I'm new to R and have created a dictionary function. A user will input a phrase into a text field and the server will read it and see if there's a match in a back-end data table and if so, output the abbreviation of the phrase.
This dictionary data table does not have a 1 to 1 mapping.
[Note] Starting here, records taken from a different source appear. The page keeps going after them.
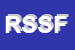 Logo di ROSELISA SNC DI SPATARI FILIPPO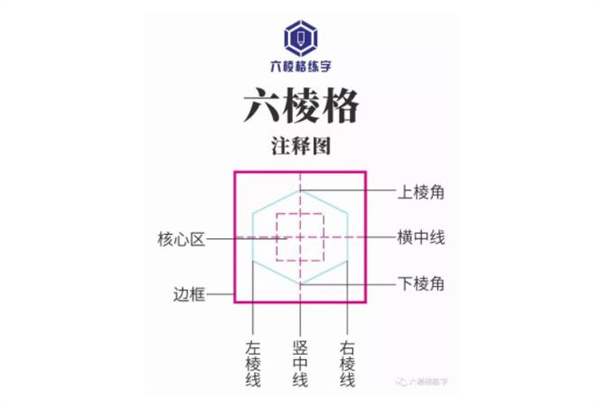 六棱格練字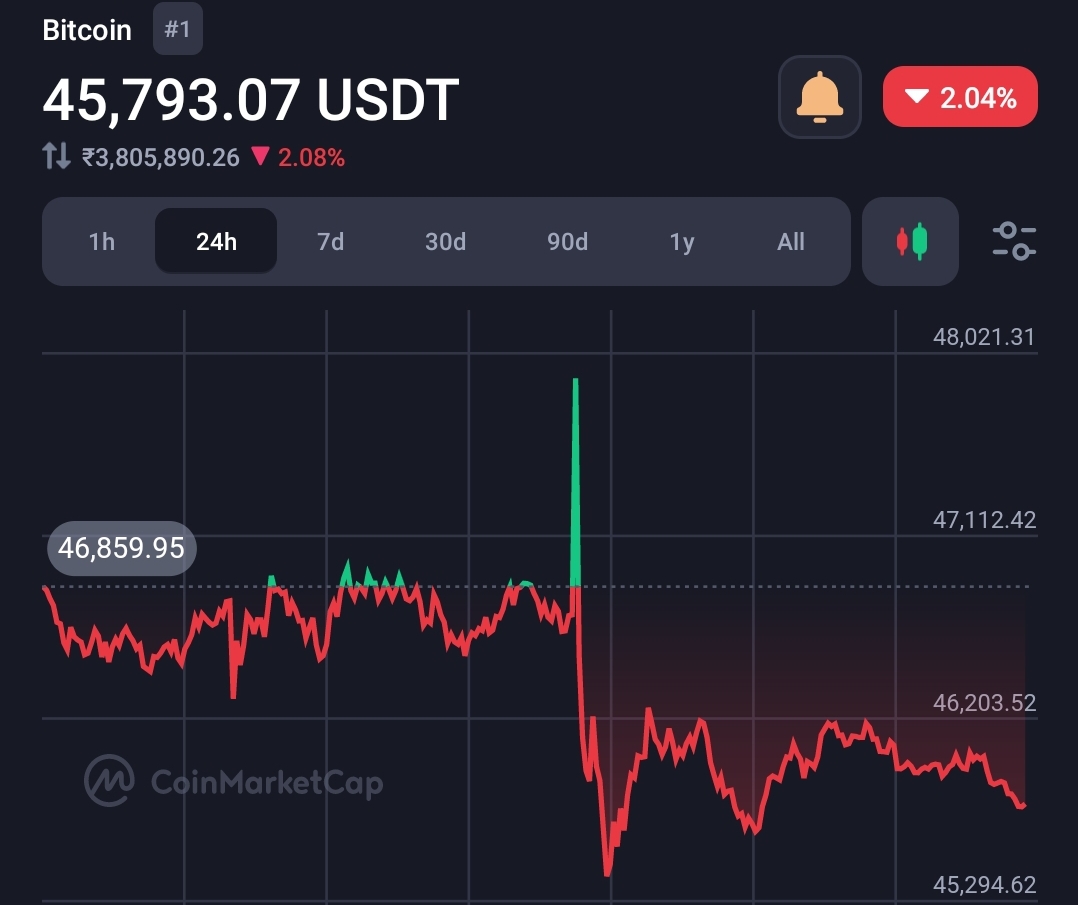 Top financial guru predicts Bitcoin to hit $150k ahead Bitcoin spot ETF approval 2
The dictionary has logical_word
and abbreviation
columns; here's a small sample:
238 abstract ABST NA NA NA
239 abstraction ABSTN NA NA NA
383 aggregate consumer economic ACE NA NA NA
876 business-to-consumer B2C NA NA NA
1309 consumer CNSMR NA NA NA
1310 Consumer Credit Counseling Service CCCS NA NA NA
1311 Consumer Indebtedness Index CII NA NA NA
1312 Consumer Lending CNL NA NA NA
1313 consumer loan application CLAPP NA NA NA
1314 consumer operating as business CSOAB NA NA NA
1315 Consumer Price Index
5582 time zone TZN NA NA NA
6041 Wholesale Consumer Information System WCIS NA NA NA
6119 zone ZONE NA NA NA
6121 ZORRO ZR NA NA NA
Suppose a user inputs "Consumer Credit Counseling Service zorro zone". This program will take the input and switch it to upper case and same w/dictionary DT.
I split the user input on whitespace into a vector, then run a loop and grep for the first word (CONSUMER
) to see if there's a match in the dictionary. If there is a match, then I keep going and grep for 2 words (CONSUMER CREDIT
). I do the same for all words until there's no match returned from the grep or if the match returned is == 1; in that case I pull the abbreviation value using merge()
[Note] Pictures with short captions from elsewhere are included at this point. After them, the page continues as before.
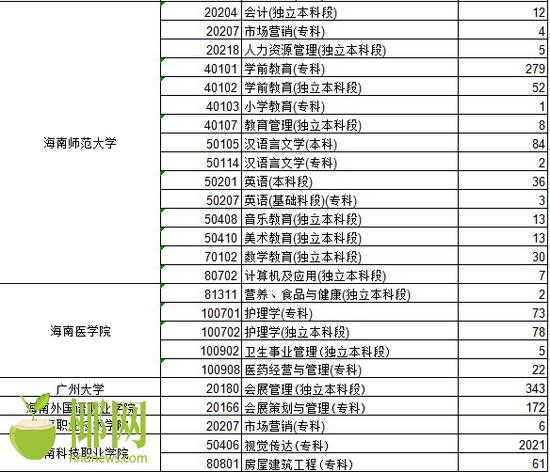 海南省考试局官网公示自考毕业生名单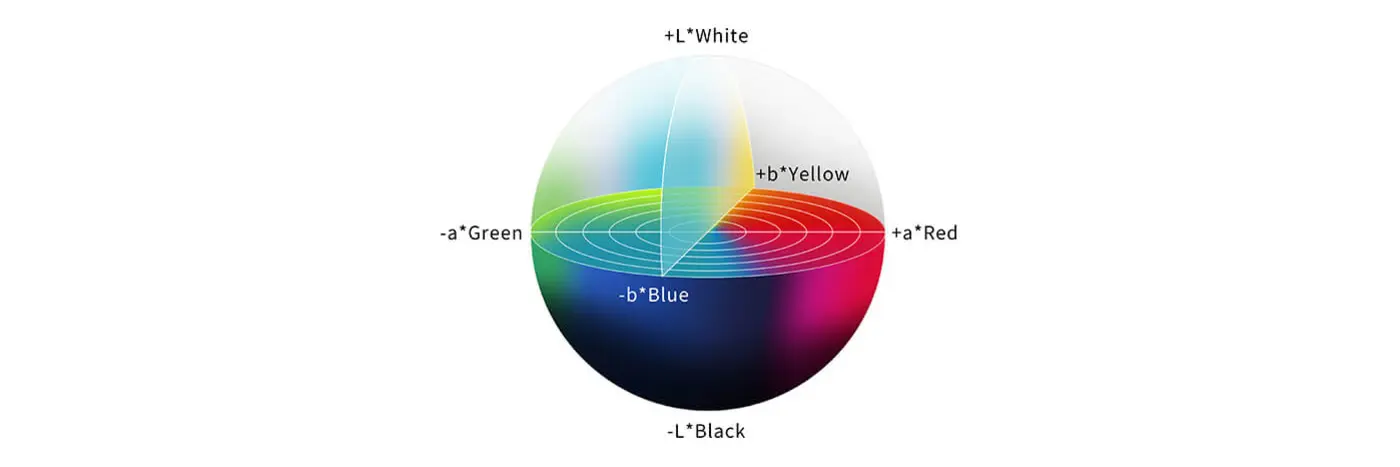 from rgb to lab color space 2024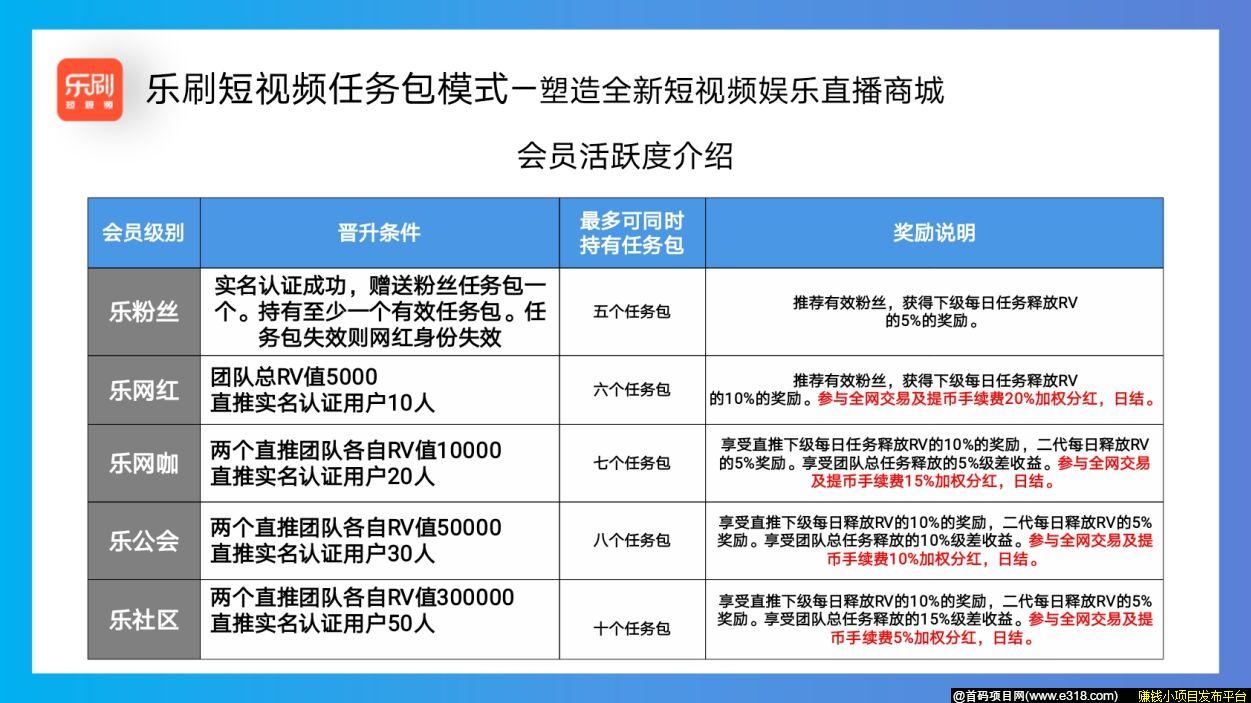 下一个趣步，扫码自动排线，发任务必撸项目！快上车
and the phrase (searchStringDT[i])
.
When looking for "CONSUMER CREDIT COUNSELING SERVICE ZORRO"
the search result comes back as empty, so then I run a merge()
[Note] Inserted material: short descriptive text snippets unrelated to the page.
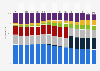 Market share of fixed-line broadband subscriptions in Sweden from 2009 to 2023, by telecom operator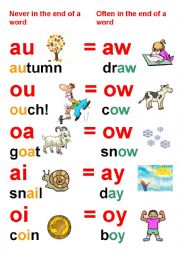 English Worksheet: vowel blend poster (2/2)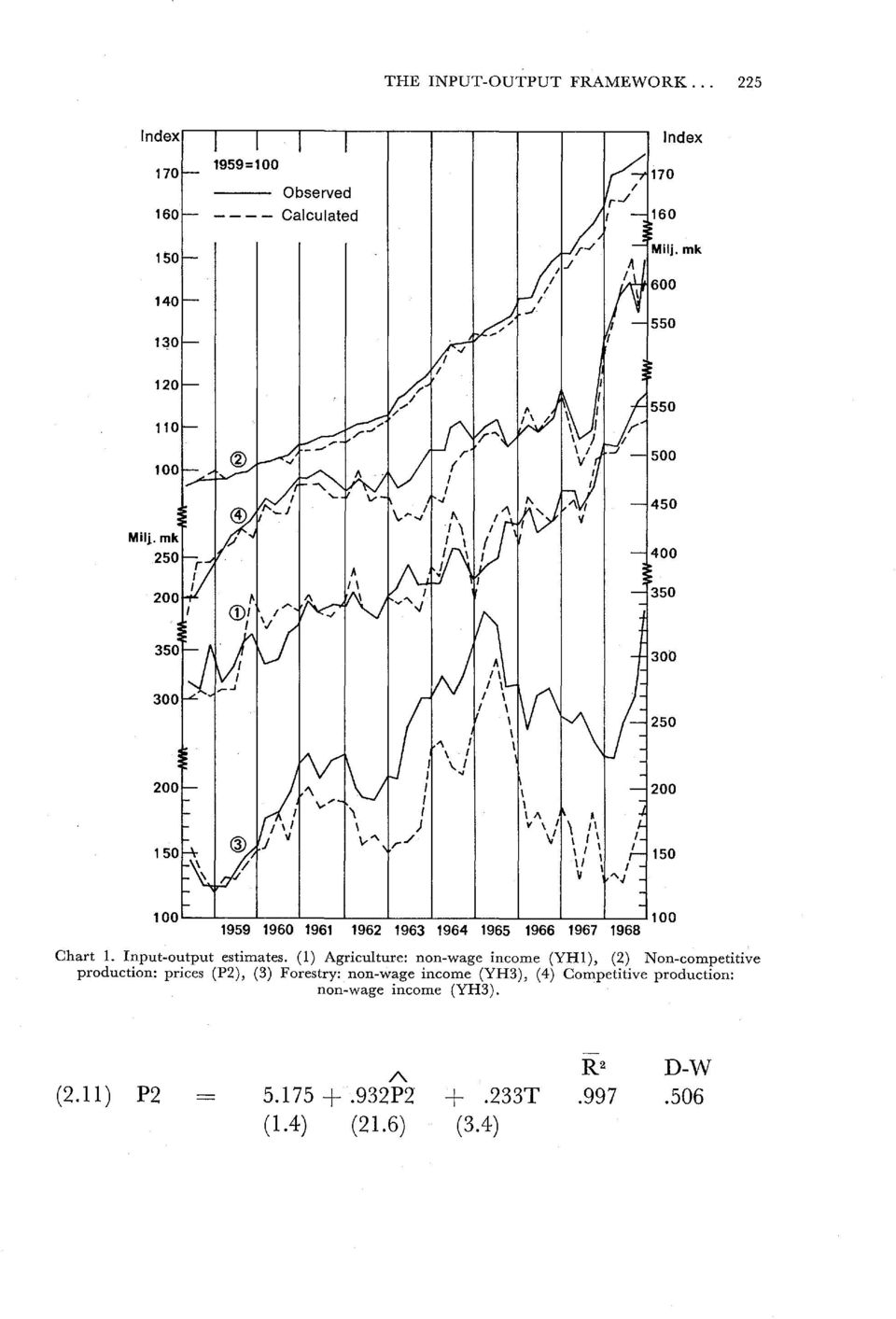 100~-L--~--~~--~---L---L--~----~--~--~--~100 1959 1960 1961 1962 1963 1964 1965 1966 1967 1968 Chart 1. Input-output estimates.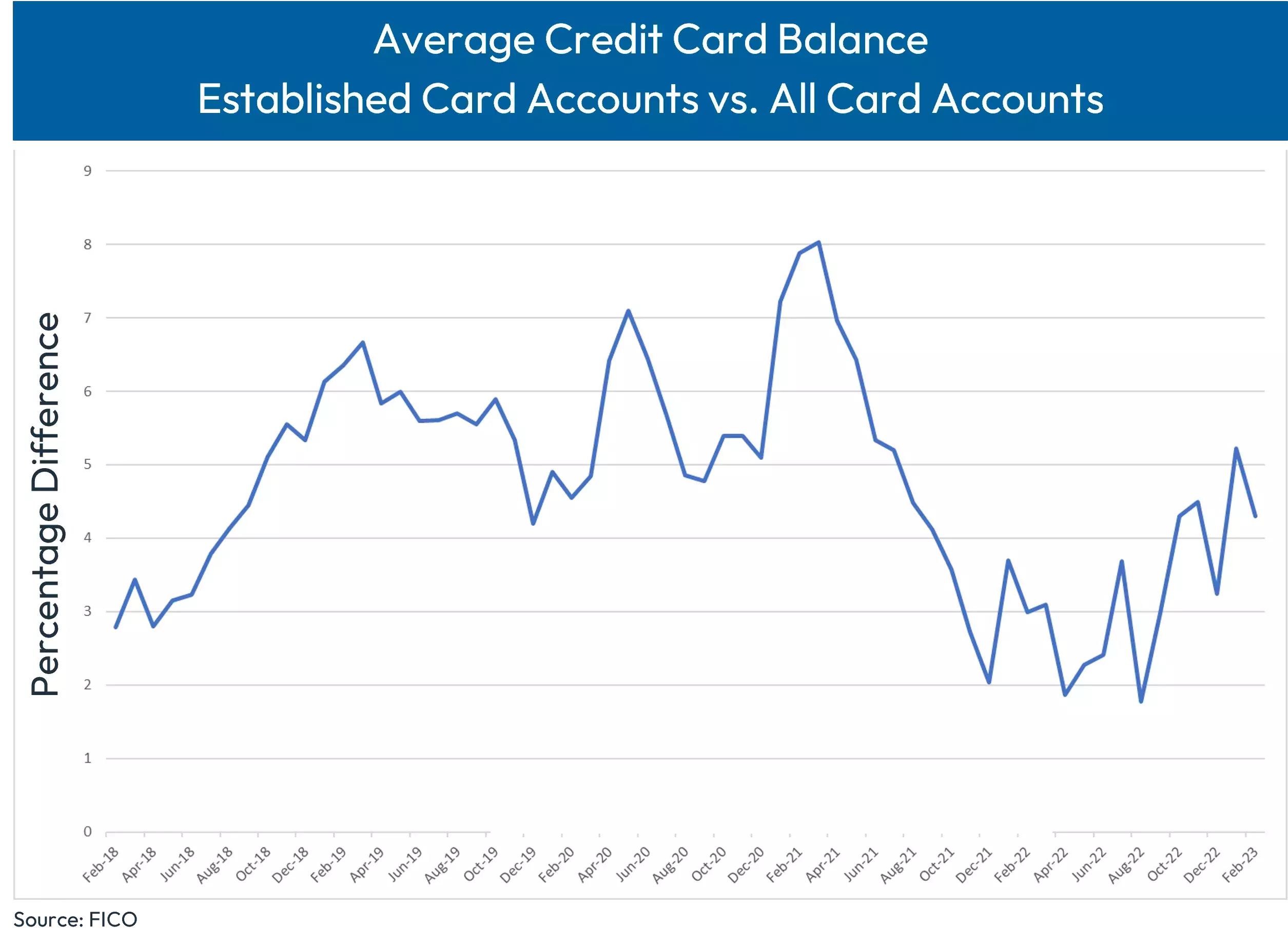 UK credit card trends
on the last iterated phrase "CONSUMER CREDIT COUNSELING SERVICE"
and the dictionary and get back the abbreviation "CCCS"
.
Then I set a flag (reset <- true
) and run the loop against "ZORRO"
and see if there's a match; since there is, I keep going and grep "ZORRO ZONE"
again. There's no value returned and I run a merge()
on "ZORRO"
and the dictionary and get back "ZR"
.
Then I run the loop on "ZONE"
, and since it's the last value, I run the merge()
and get back "ZONE"
.
I have a couple of questions:
Can someone recommend different approaches to improve speed/accuracy and make my code cleaner? Right now, it seems like a mess IMO.
If not, can someone recommend a way to fix my current approach, since this doesn't completely work.
In the grep I added
"^"
to make sure that I only return values that start with the user input, but when I tested with"abstract"
the grep returned both"abstract"
and"abstraction"
since the patterns match. My logic is based on only 1 value being returned to pull the abbreviation using themerge()
.If I add
"$"
to the grep then my code breaks since"CONSUMER CREDIT"
doesn't have an exact match. Is there some other condition I can add to see if the dictionary contains a phrase? So if I search"CONSUMER CREDIT"
I should get back"CONSUMER CREDIT COUNSELING SERVICE"
and if I search"ABSTRACT"
I should only get"ABSTRACT"
and not"ABSTRACTION"
?
The code:
searchDictionary <- function(userInput=NULL,dictionary=NULL){
userInput <- data.table(logical_word=userInput)
listTest <- data.frame(matrix(ncol = 5, nrow = nrow(userInput)))
names(listTest) <- c("logical_word","abbreviation","V3","V4","V5")
searchString <- ""
reset <- "FALSE"
searchStringDT <- data.table(matrix(ncol = 1, nrow = nrow(userInput)))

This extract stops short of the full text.